Good luck! Don't freak out - everyone thinks they failed it after


----------



## Handsome Robb (Nov 15, 2010)

Good luck! Mine didn't have a ton of shock questions mostly it was all ABCs like you were told. Another thing that popped up on mine pretty consistently was questions about the initial assessment. Like zombie said, everyone thinks they failed right afterwards. If the questions keep getting harder thats how you know your doing well! 

I'm taking my NREMT-I test in december and I'm feeling the pressure, I have to pass it and get all my paperwork in to the state EMS office before the end of the year otherwise my NV license will lapse then I have to pay the late fee and I'm too broke for that. So, I understand where your coming from on the excitement and nervousness.


----------



## bchasep (Nov 16, 2010)

well i just got back from taking it. I feel like there was a lot i knew, and there was a lot that i just didnt know what to put... the wording of some of the questions really confused me. owell, i hope i passed. Another thing was i kept getting asked a question like 5 different times throughout the test. It was confusing me. I also stopped at 122 soo i dont think thats a good sign either


----------



## C.T.E.M.R. (Nov 17, 2010)

Hey dont worry about being young. Use that as an advantage, you can keep knowledge in and it will stick now. Good luck on passing


----------



## EMSrush (Nov 17, 2010)

Keep us posted- let us know how you did!


----------



## Cohn (Nov 17, 2010)

its not that hard...


----------



## VirginiaEMT (Nov 17, 2010)

I take mine Friday, but I'm told that it is much easier than the Virginia state exam. I hope that is the case as I smoked the state exam. I guess it's time to find out.


----------



## Cohn (Nov 17, 2010)

Just don't wait to long after finishing your EMT class.


----------



## VirginiaEMT (Nov 17, 2010)

thanks, it's been about 4 months.


----------



## bchasep (Nov 17, 2010)

I passed 

i was very suprised but after thinking about it, i deserved it, and worked hard for it .!

"Examination Scored 

Congratulations on successfully earning your national EMS certification.

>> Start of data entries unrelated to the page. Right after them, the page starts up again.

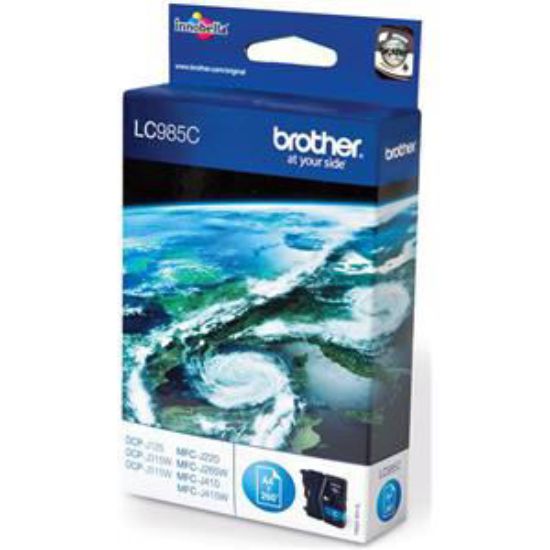 Brother inkt LC985C cyaan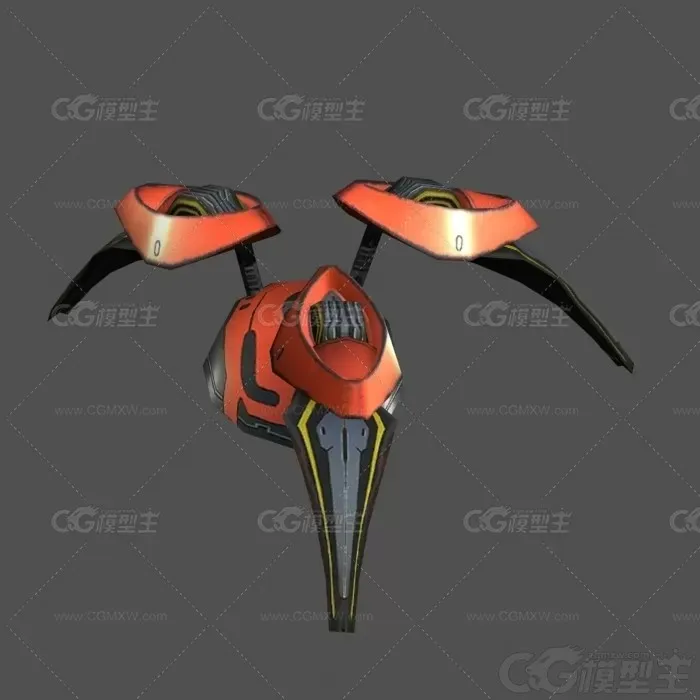 高级机械蜘蛛 三角机器人 三脚兽-4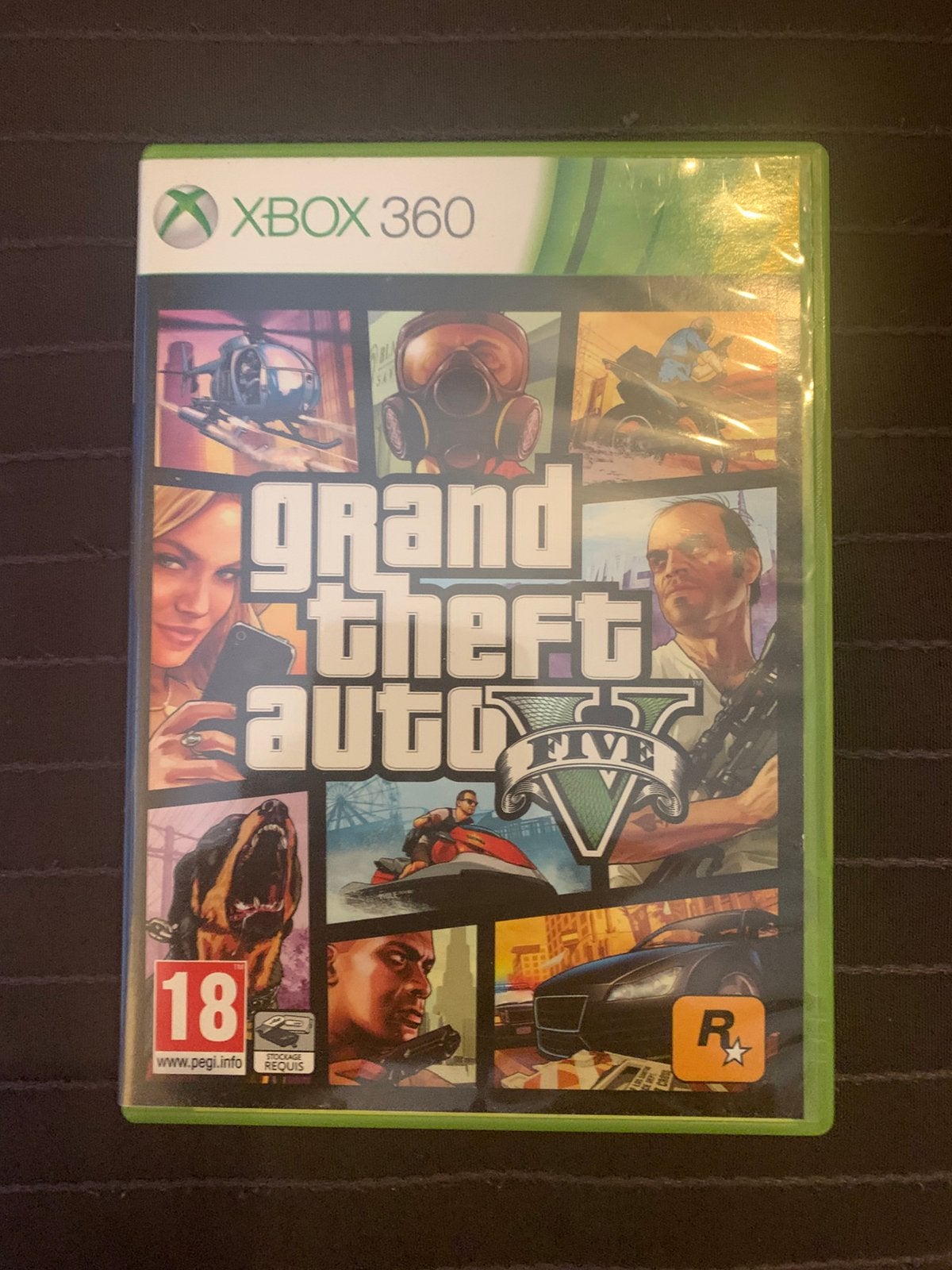 Grand theft auto v, Enlèvement, Comme neuf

Certification documents will be mailed to the address provided in your account profile by first class US Postal service within three business days.


National certification is not a license to practice. You should contact your state EMS office for information on licensing requirements. "

haha now what do i need to do to get a job?


----------



## Handsome Robb (Nov 18, 2010)

Submit applications? Some companies require EVOC or CEVO training, ICS 100 and 200 and sometimes ITLS or something similar but I doubt it for a basic.


----------



## VirginiaEMT (Nov 18, 2010)

Here we go, NREMT-B National Registry test at 12:30 tomorrow.....


----------



## Chimpie (Nov 18, 2010)

VirginiaEMT said:


> Here we go, NREMT-B National Registry test at 12:30 tomorrow.....



Good luck and let us know how it goes.


----------



## anna (Nov 19, 2010)

Good luck


----------



## VirginiaEMT (Nov 19, 2010)

64 total questions, now for the wait


----------



## VirginiaEMT (Nov 19, 2010)

GOOD NEWS!!!! 64 question and I passed. Now if I only knew what my scor is..


----------



## Bubz628 (Nov 19, 2010)

Congrats! Haha yea I wish they would at least give you a score. Mine stopped at 65. I passed, but it would be nice to see how I did... <_<


----------



## VirginiaEMT (Nov 20, 2010)

Is there an actual score, or is it simply pass or fail?


----------